> Supplied data:
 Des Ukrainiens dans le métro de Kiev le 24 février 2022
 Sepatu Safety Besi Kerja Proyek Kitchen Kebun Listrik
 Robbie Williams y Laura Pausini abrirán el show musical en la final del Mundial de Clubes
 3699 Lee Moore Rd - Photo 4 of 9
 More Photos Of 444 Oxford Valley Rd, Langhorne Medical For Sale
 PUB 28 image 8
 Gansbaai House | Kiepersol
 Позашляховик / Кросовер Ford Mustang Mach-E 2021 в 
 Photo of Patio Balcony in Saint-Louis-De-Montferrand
...
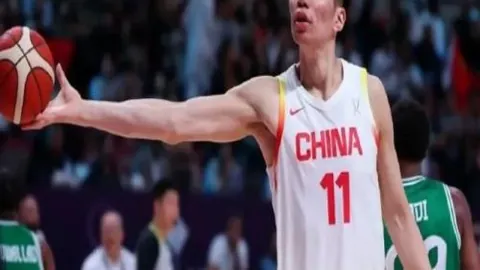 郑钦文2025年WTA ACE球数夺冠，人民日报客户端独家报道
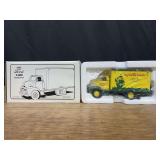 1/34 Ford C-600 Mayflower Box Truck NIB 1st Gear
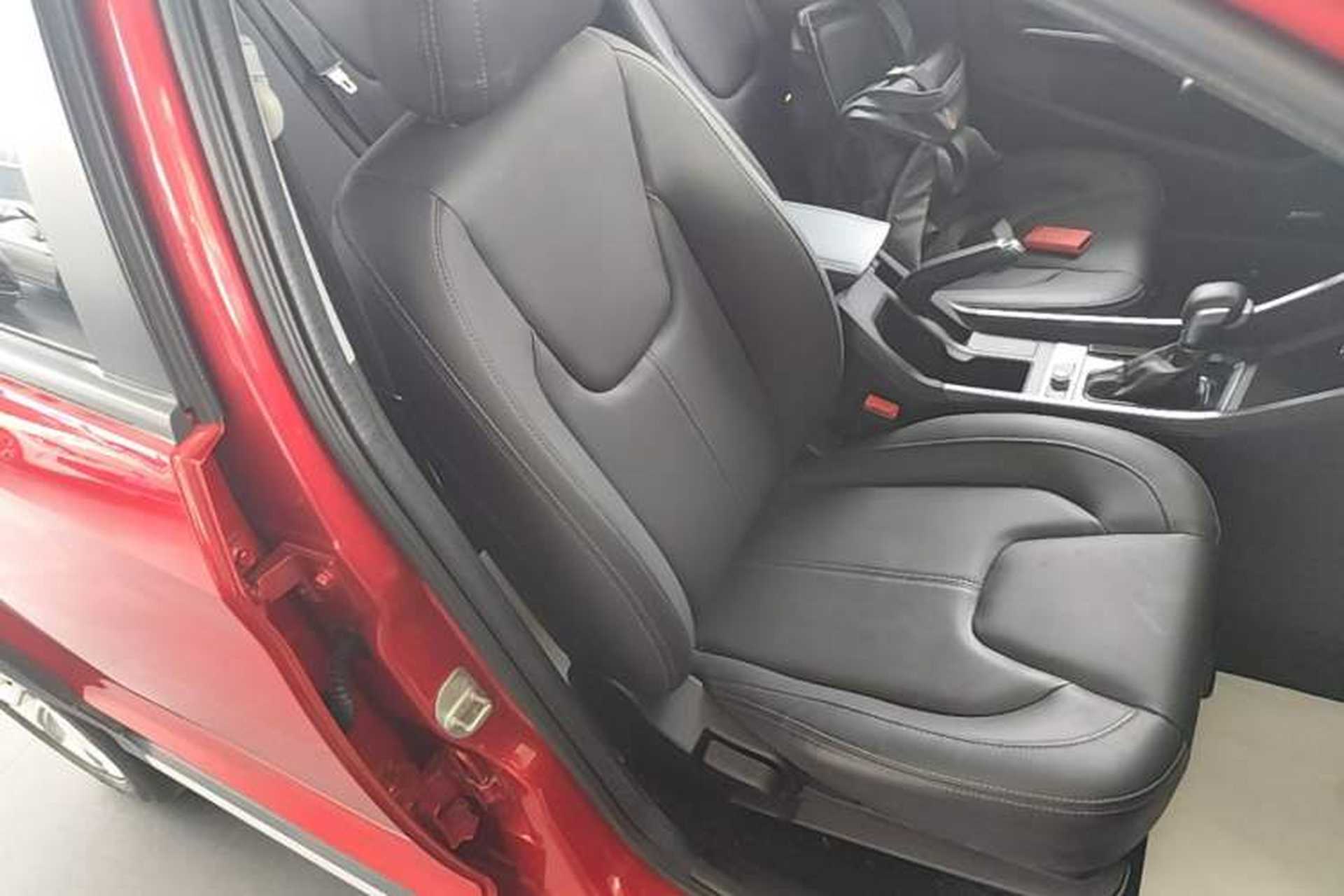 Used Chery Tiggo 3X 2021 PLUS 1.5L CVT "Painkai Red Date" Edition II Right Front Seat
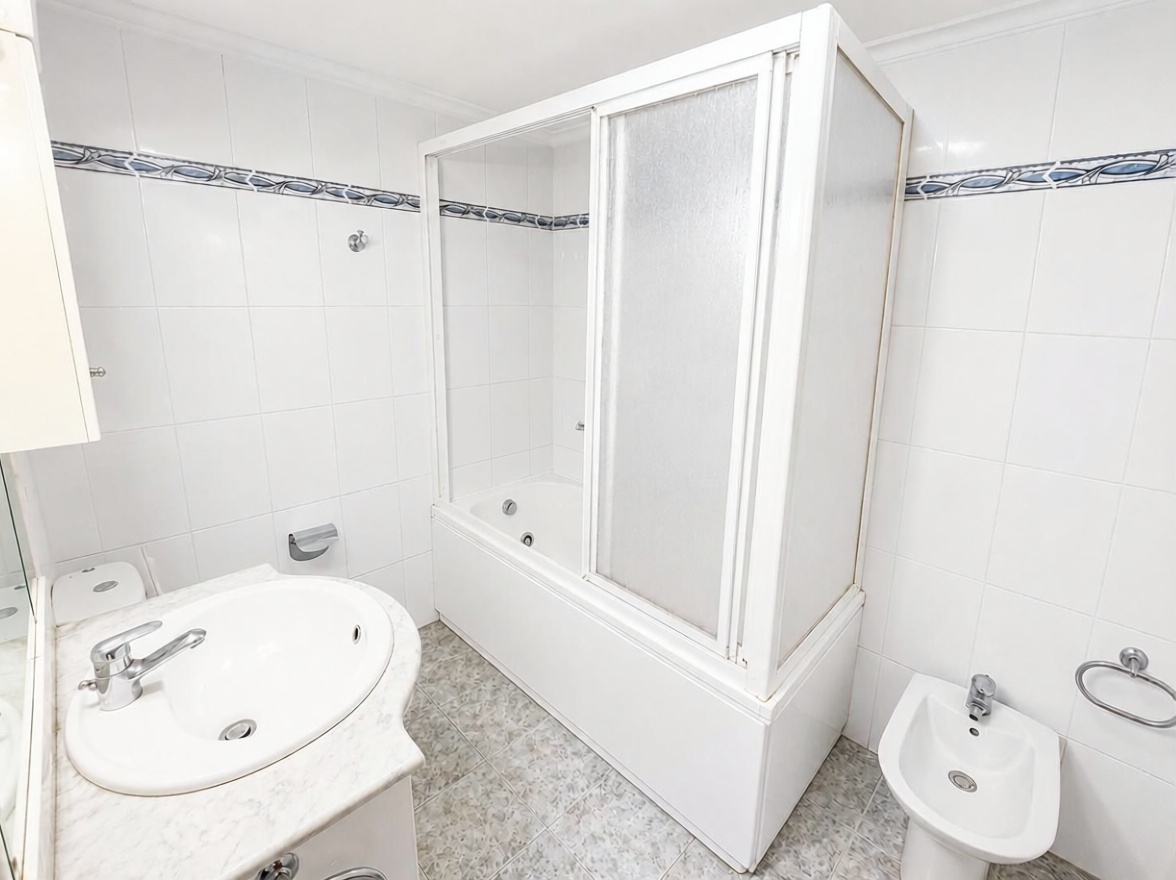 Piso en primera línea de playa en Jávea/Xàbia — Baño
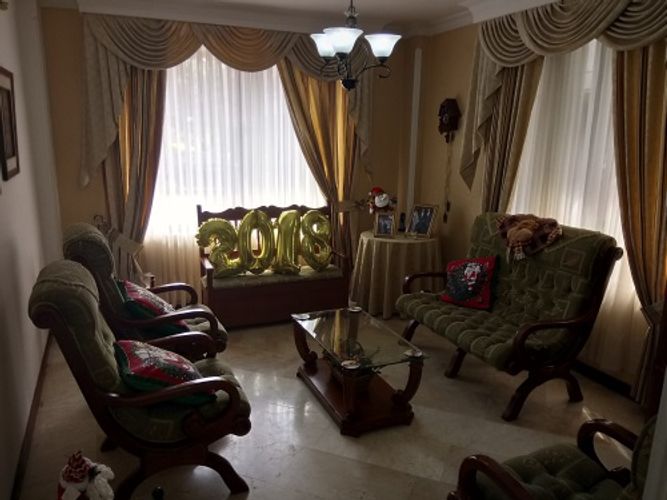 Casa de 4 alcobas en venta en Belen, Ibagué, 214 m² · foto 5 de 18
* * *
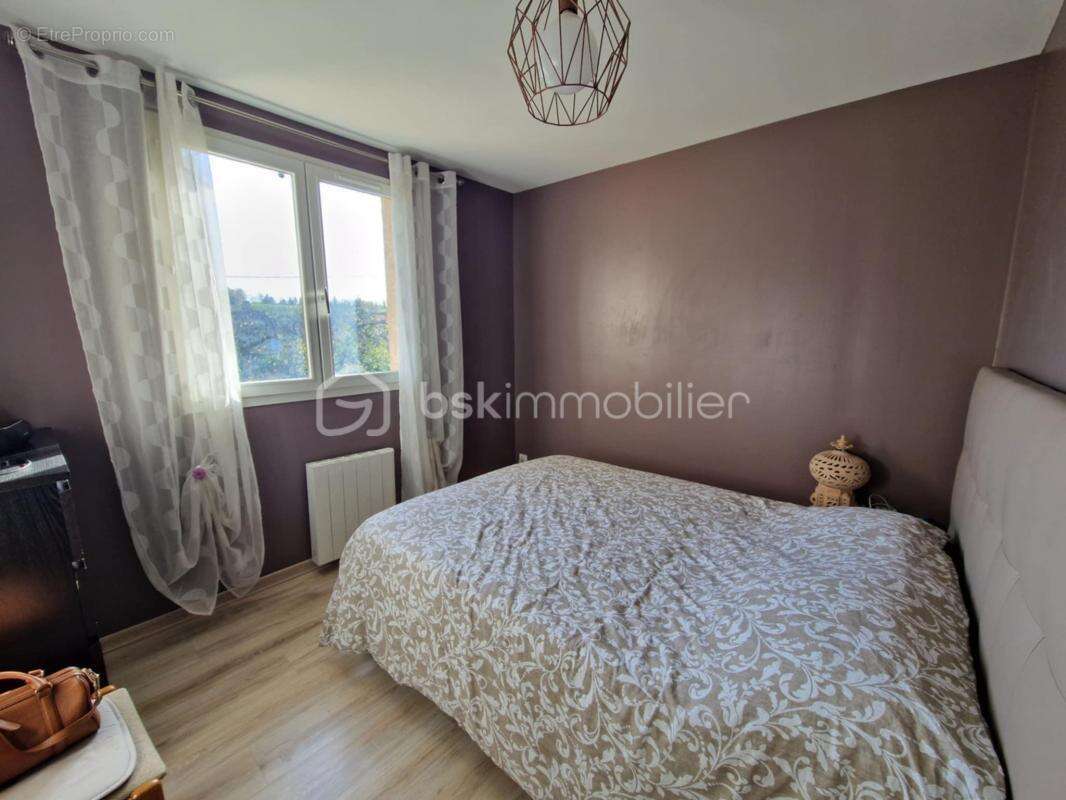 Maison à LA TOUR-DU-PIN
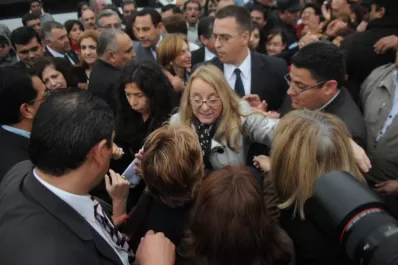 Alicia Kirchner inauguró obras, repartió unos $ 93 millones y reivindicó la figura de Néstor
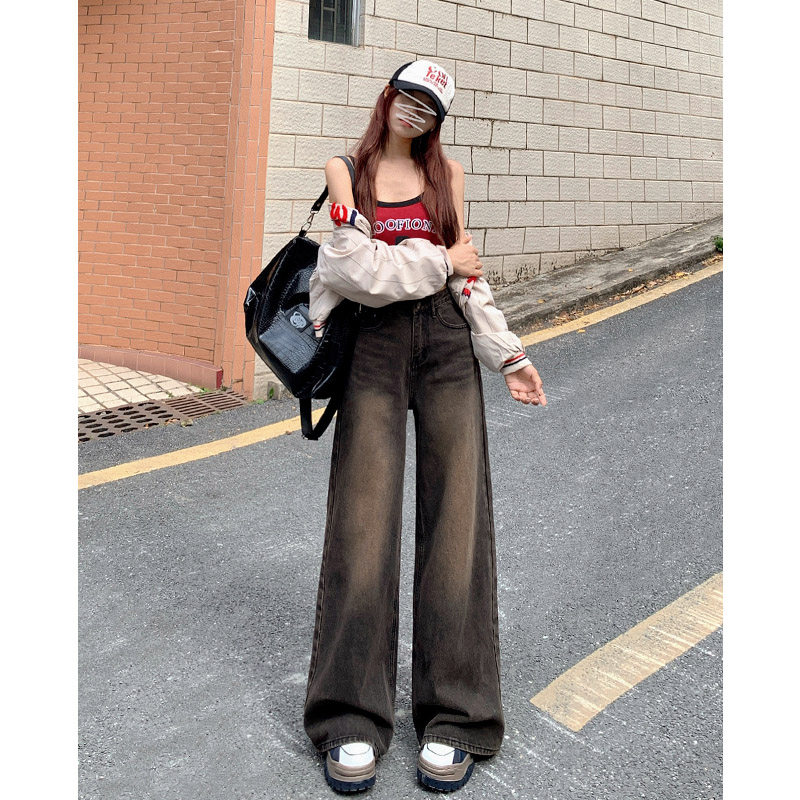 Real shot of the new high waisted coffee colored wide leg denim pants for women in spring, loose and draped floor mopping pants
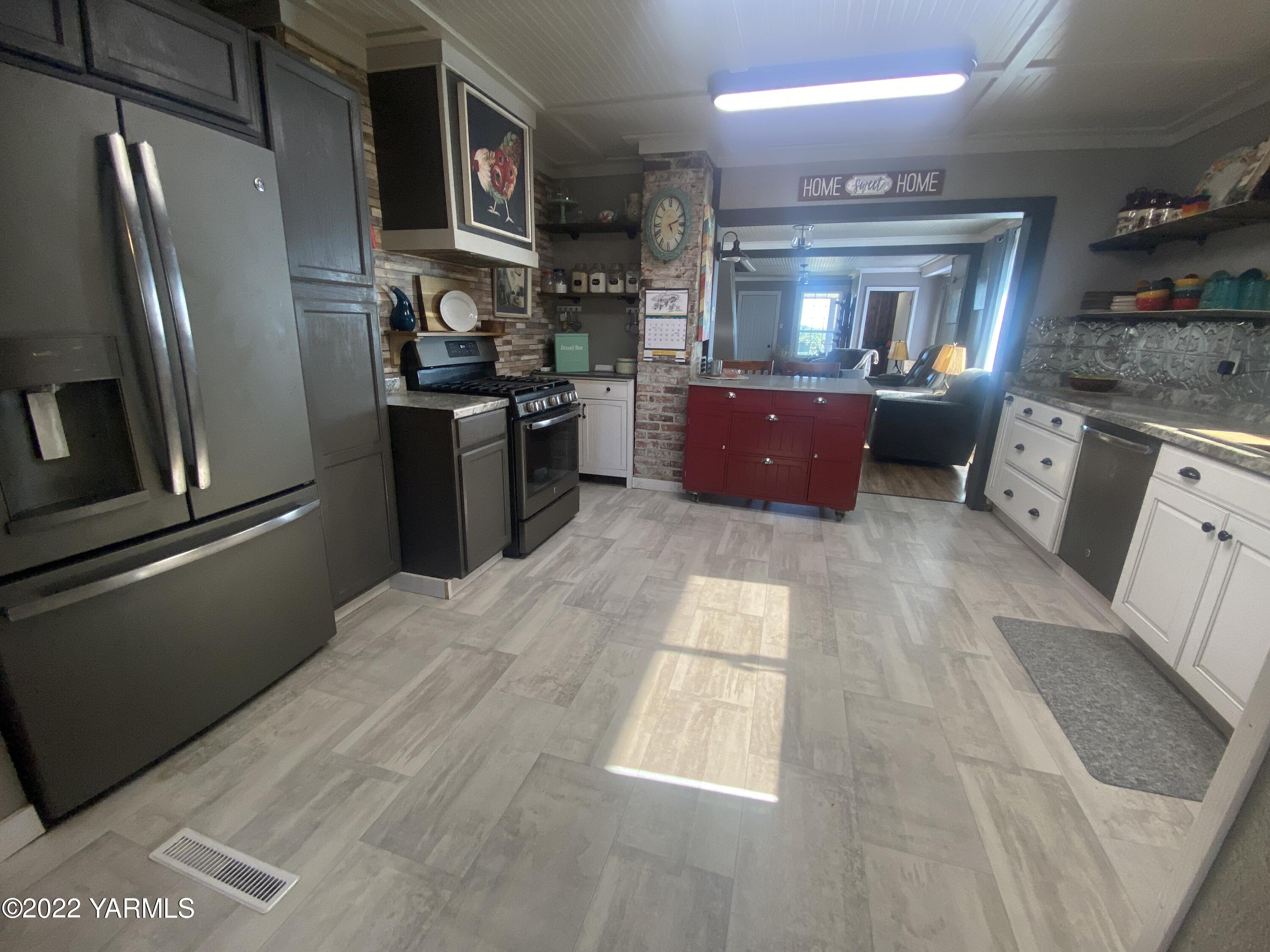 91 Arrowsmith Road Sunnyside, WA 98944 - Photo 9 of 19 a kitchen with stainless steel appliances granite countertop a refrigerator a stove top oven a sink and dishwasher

> Work to be completed: What is needed is a verbatim copy of every line in the records above from the one containing "Des Ukrainiens dans" down to the one containing "3699 Lee Moore Rd - Photo 4 of 9", both included, and nothing more.

> Your solution:
 Des Ukrainiens dans le métro de Kiev le 24 février 2022
 Sepatu Safety Besi Kerja Proyek Kitchen Kebun Listrik
 Robbie Williams y Laura Pausini abrirán el show musical en la final del Mundial de Clubes
 3699 Lee Moore Rd - Photo 4 of 9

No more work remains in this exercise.